Gerard 3

Gerard 3

11e Hoogheid Gerard 3 1974
Adjudanten Paul Lankamp & Ben Morshuis

Gerard 3

Nen goei’n Siepel steet nich van wiet’n!

Carnavalsvereniging De Othmarridders vierde in 1974 haar eerste lustrum. Het 11-jarig bestaan moest gevierd worden. Het bestuur was op zoek gegaan naar een Prins die bij zo’n hoogtepunt hoort.

Vanwege het jubileum was er bij Hotel van der Maas in de zaal een groot projectiescherm opgehangen en de T.C. liet de afgelopen tien jaar de revue passeren. Na de tiende Prins gepresenteerd te hebben kwam plotseling Prins Gerard III met zijn grote voeten dwars door een projectiescherm de zaal binnengestapt. Hij was letterlijk en figuurlijk een grote Prins. In carnavalskringen was Prins Gerard III een bekend figuur. Elk jaar stond hij op de Zitting in de stiggelton met een prachtige buut. Ja, praten kon hij. Zijn toespraken vlogen hem de mond uit en zijn Adjudanten verzuchtten wel eens: ”Noe wodt toch tied da’j een kear stopt”.

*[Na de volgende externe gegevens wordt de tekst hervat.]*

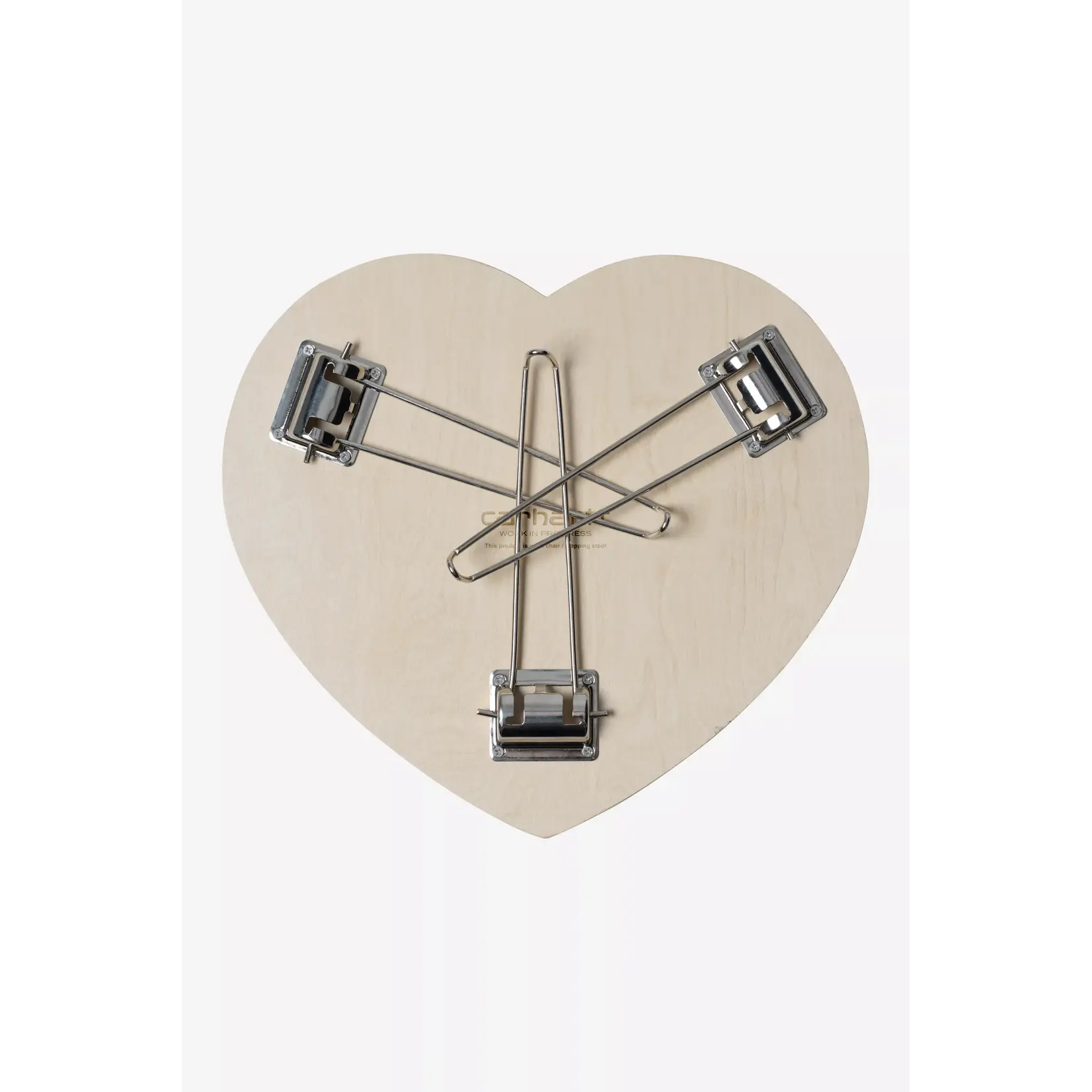 CARHARTT WIP CARHARTT HEART FOLDING TABLE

Prins Gerard III had een geweldige steun aan zijn twee Adjudanten en het verhaal gaat nog steeds dat één van hen tijdens het siepelhangen bij de Hoogheid thuis het plan opvatte om de kanarie te leren zwemmen en om de goudvis de kunst van het traplopen bij te brengen. Het bleef natuurlijk ook bij dat plannetje, want Mientje, de prinses van Prins Gerard III was stapelgek op haar beestjes. Mientje zorgde ook altijd dat de Prins er perfect uitzag: de muts mooi recht, geen enkele onderscheiding scheef en zijn overhemd niet half uit de broek. In zijn dagelijkse leven was Gerard III actief bij de boerendansers als een geweldige harmonicaspeler.

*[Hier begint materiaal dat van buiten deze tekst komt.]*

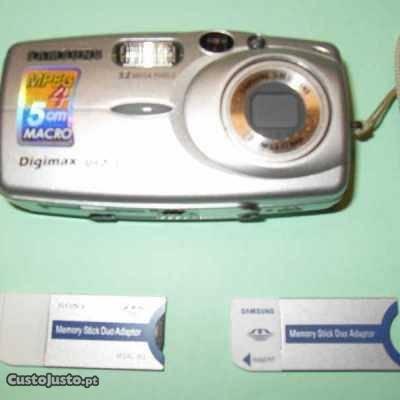 Máquina Fotográfica Digital Samsung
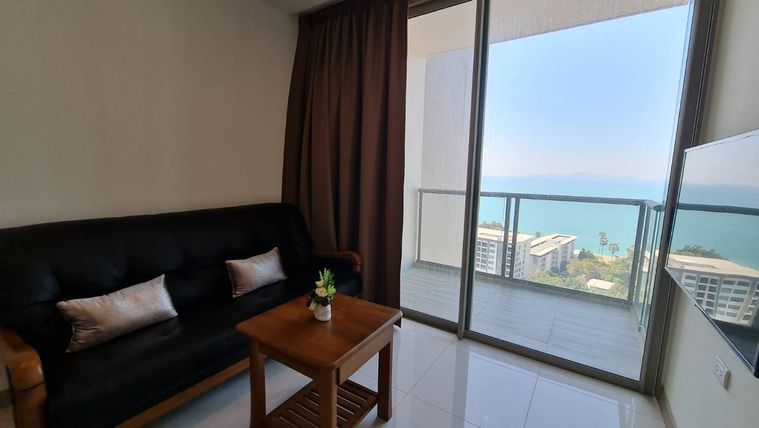 ⛵ Riviera Wongamat ⛵ Sea view / 18F / 1bedroom >> THB18,000/month彡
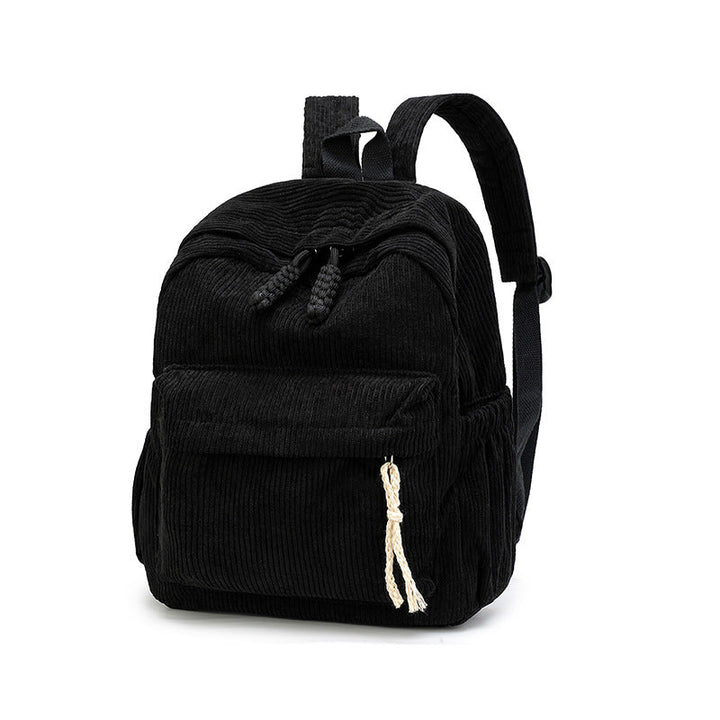 Corduroy Multi-Pocket Backpack Kalsten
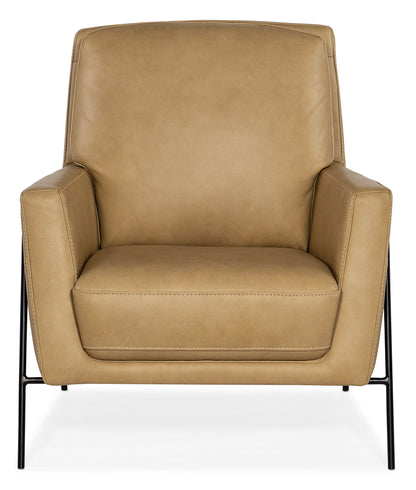 CC - Amette Metal Frame Club Chair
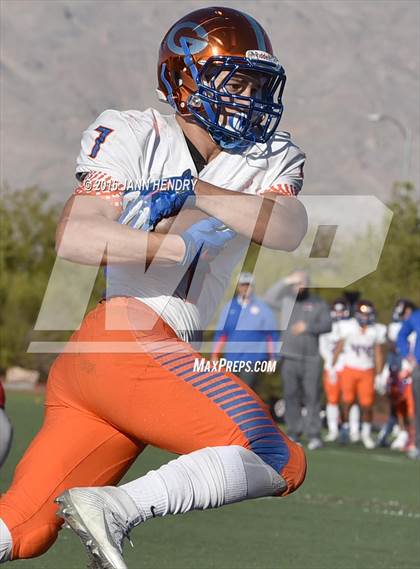 Thumbnail 1 in Bishop Gorman @ Arbor View (NIAA Class 4A Semifinal) photogallery.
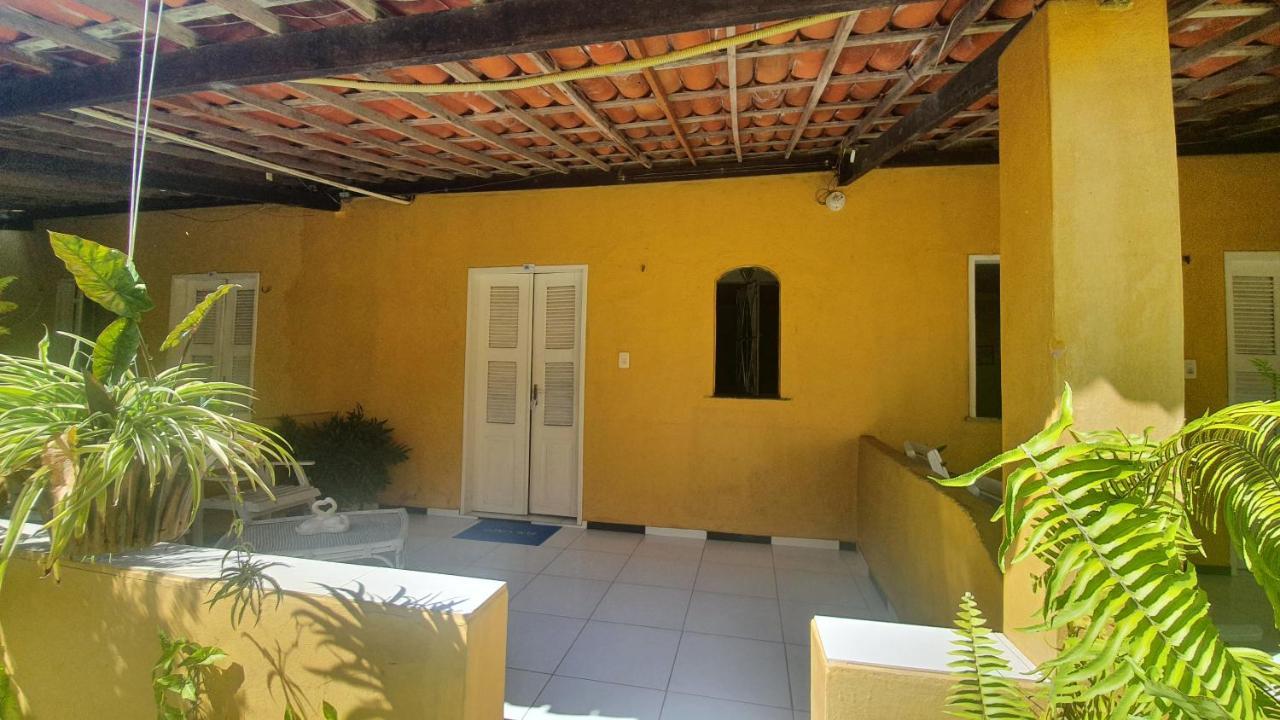 Pousada E Restaurante Sombra Dos Coqueiros Трайри Экстерьер фото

Ook op de Siepelmarkt kwam je hem tegen. Vooral als de os aan het spit werd verkocht stond hij zijn mannetje. Op zijn aandringen werden er in zijn jaar twee ossen gebraden, want zei hij: ”D’r loopt ja ossens zat roond.” Ook in dat jaar werd door Oud-Prins Nilles en Oud-Prins Janus de Prinsengarde opgericht en zo kon Gerard na de 11e van de 11e meteen intreden in die illustere garde.